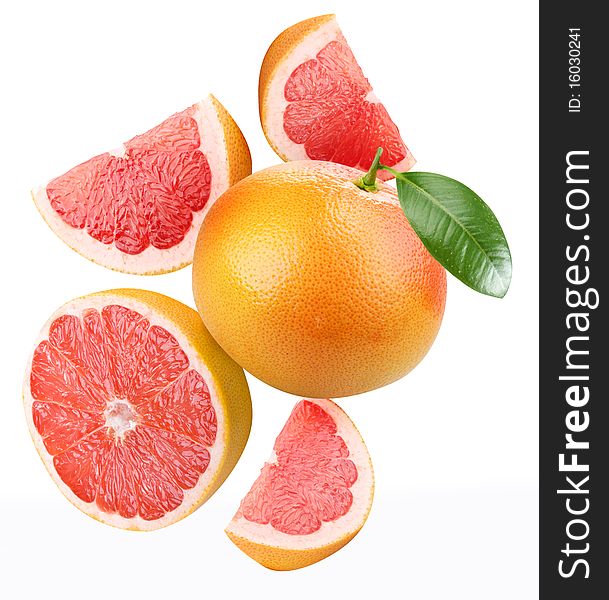 Falling grapefruit and grapefruit slices. Isolated on a white. Falling grapefruit and grapefruit slices. Isolated on a white.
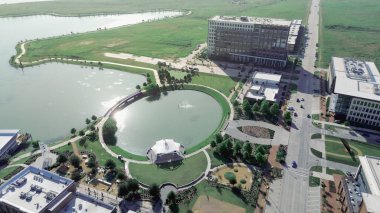 Circular pond with white pavilion, surrounded by North Lake trails, restaurant patios, office buildings along Cypress Waters Boulevard, showcasing entertainment and waterfront lifestyle in Dallas. USA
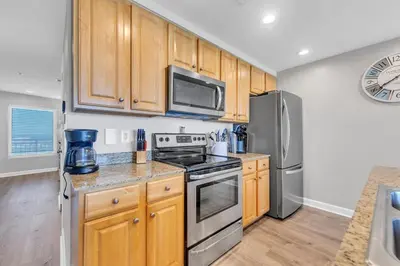 a kitchen with wooden cabinets and stainless steel appliances at Beachfront Condo in Panama City Beach! in Panama City Beach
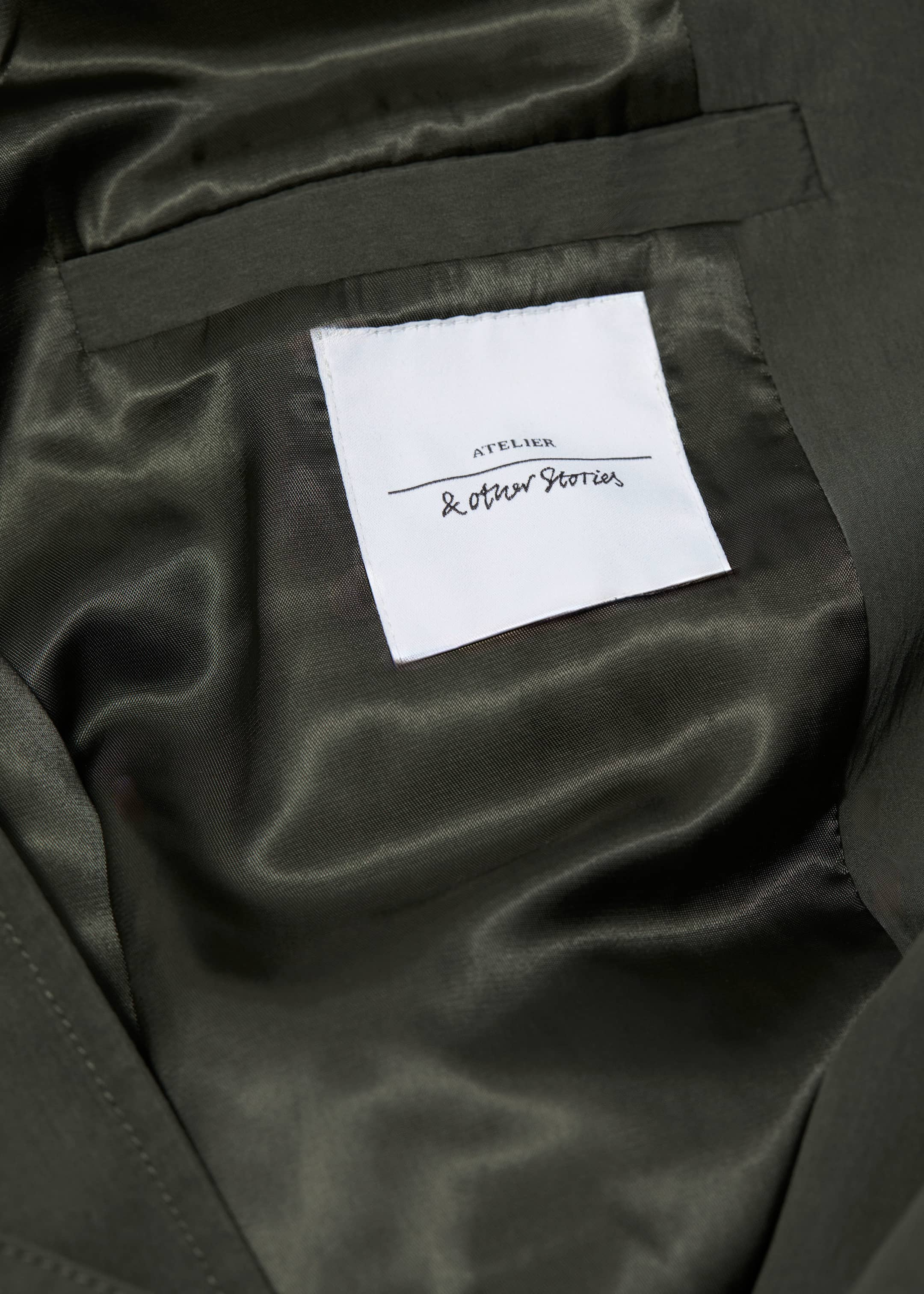 High-Collar Trench Coat - {{variantName}} - Descriptive Detail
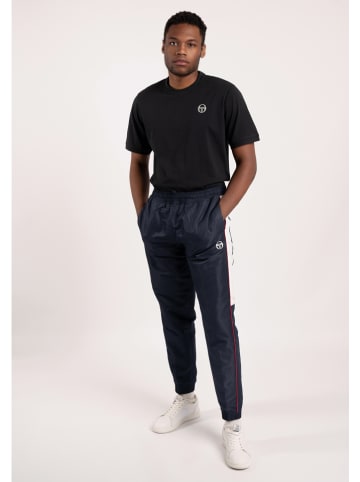 Sergio Tacchini Spodnie sportowe "Alabama" w kolorze granatowym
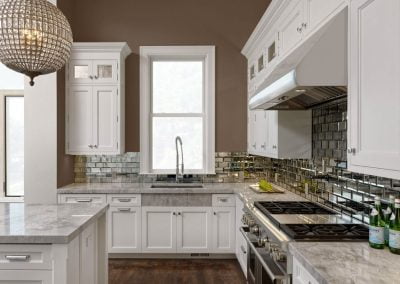 Modern kitchen with white cabinetry, quartz countertops, stainless steel appliances, and a large crystal chandelier.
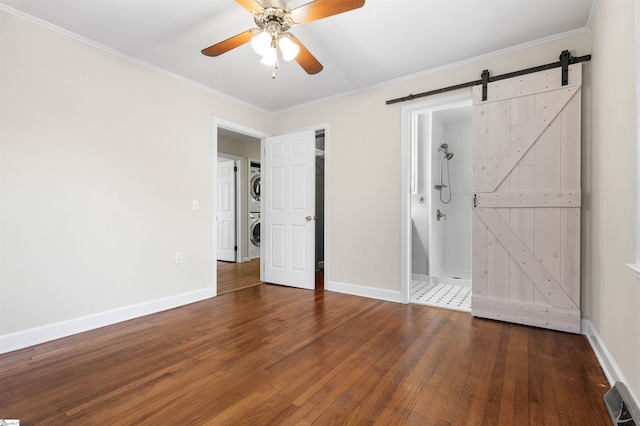 unfurnished bedroom with stacked washing maching and dryer, a barn door, visible vents, and hardwood / wood-style floors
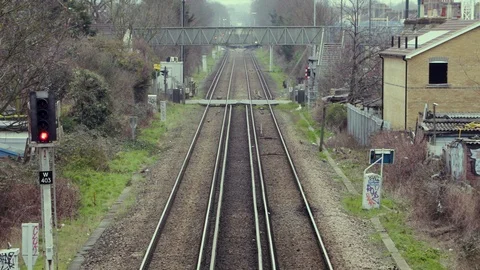 A Train passes a Level crossing in London Stock Footage 103169657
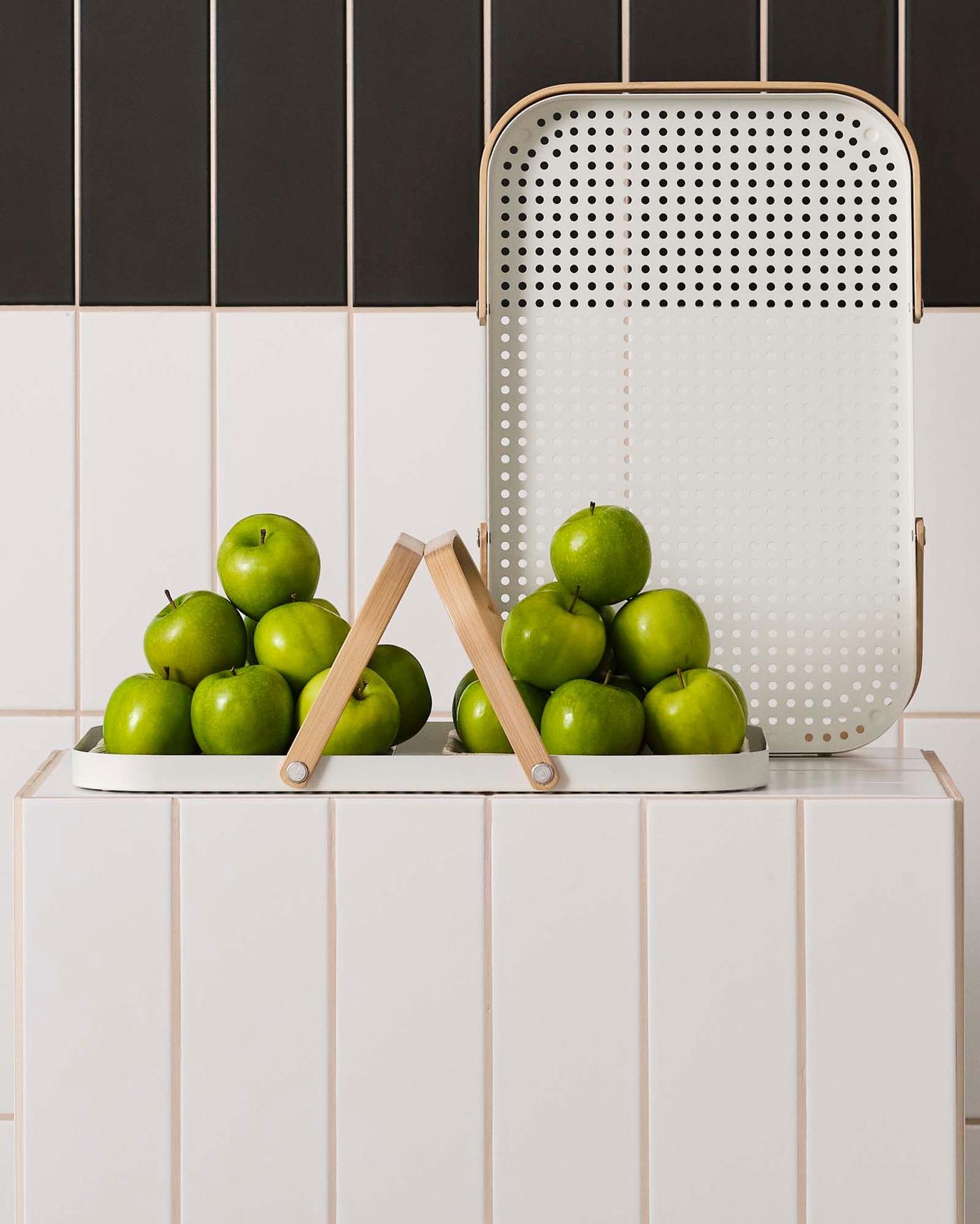 A white tray stacked with limes stands on and in front of white and black tiles.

◆ Work to complete ◆
Write every record out again exactly, omitting the pictures they hold.

◆ Answer area ◆
 Falling grapefruit and grapefruit slices. Isolated on a white. Falling grapefruit and grapefruit slices. Isolated on a white.
 Circular pond with white pavilion, surrounded by North Lake trails, restaurant patios, office buildings along Cypress Waters Boulevard, showcasing entertainment and waterfront lifestyle in Dallas. USA
 a kitchen with wooden cabinets and stainless steel appliances at Beachfront Condo in Panama City Beach! in Panama City Beach
 High-Collar Trench Coat - {{variantName}} - Descriptive Detail
 Sergio Tacchini Spodnie sportowe "Alabama" w kolorze granatowym
 Modern kitchen with white cabinetry, quartz countertops, stainless steel appliances, and a large crystal chandelier.
 unfurnished bedroom with stacked washing maching and dryer, a barn door, visible vents, and hardwood / wood-style floors
 A Train passes a Level crossing in London Stock Footage 103169657
 A white tray stacked with limes stands on and in front of white and black tiles.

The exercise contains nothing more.